* _WHAT IS NEEDED_
Please output every entry below exactly as written, leaving out any pictures.

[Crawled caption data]
+ + + + + + +
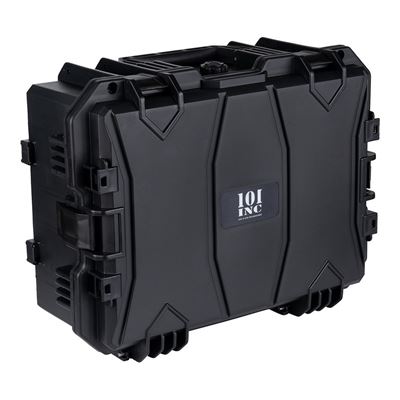 Plastový kufor #5 na ČIERNY 101INC 359925-BLK 2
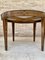 Circular Side Table in Wood with Lemongrass Marquetry Fillets 24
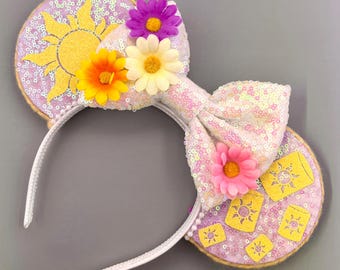Rapunzel/Tangled Inspired Mouse Ears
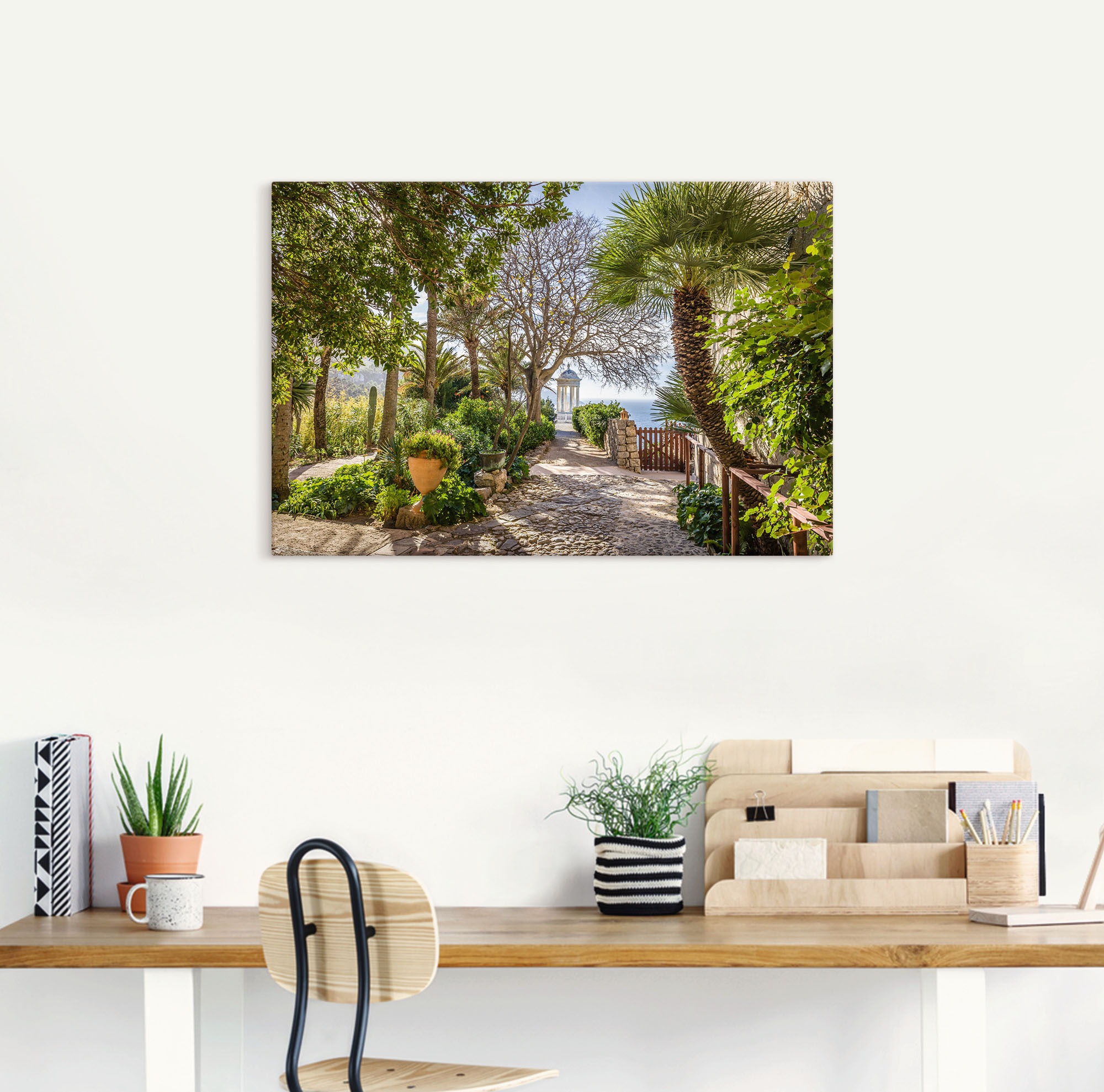 Artland Wandbild »Garten Son Marroig bei DeiÃ , Mallorca« Gartenbilder 1 St günstig online kaufen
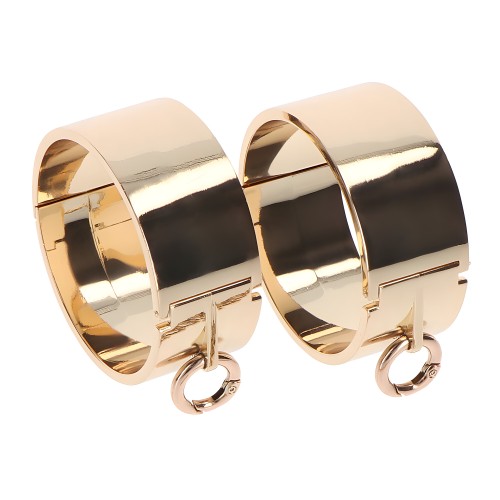 Taboom Dona Slave Wrist Cuffs - Gold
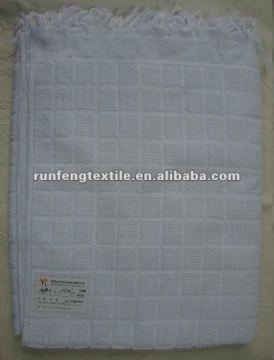 100% polyester white muslim hajj towel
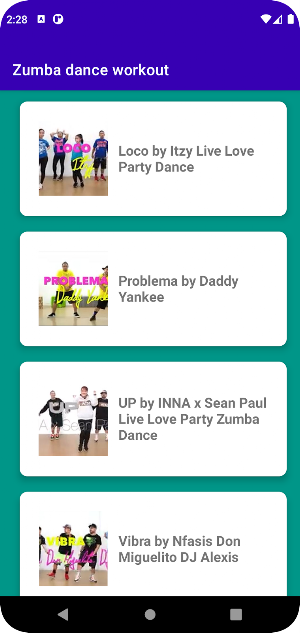 Zumba dance workout Screenshot 1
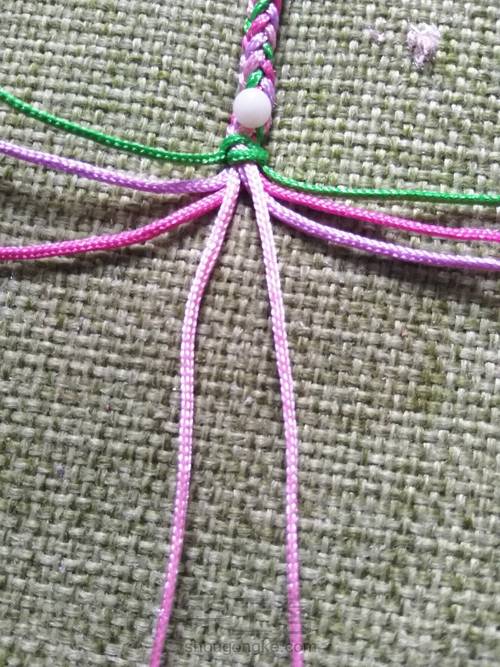 尾扣编制过程记录 第2步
+ + + + + + +
* _WRITTEN RESPONSE_
 Plastový kufor #5 na ČIERNY 101INC 359925-BLK 2
 Circular Side Table in Wood with Lemongrass Marquetry Fillets 24
Rapunzel/Tangled Inspired Mouse Ears
 Artland Wandbild »Garten Son Marroig bei DeiÃ , Mallorca« Gartenbilder 1 St günstig online kaufen
 Taboom Dona Slave Wrist Cuffs - Gold
 100% polyester white muslim hajj towel
 Zumba dance workout Screenshot 1
 尾扣编制过程记录 第2步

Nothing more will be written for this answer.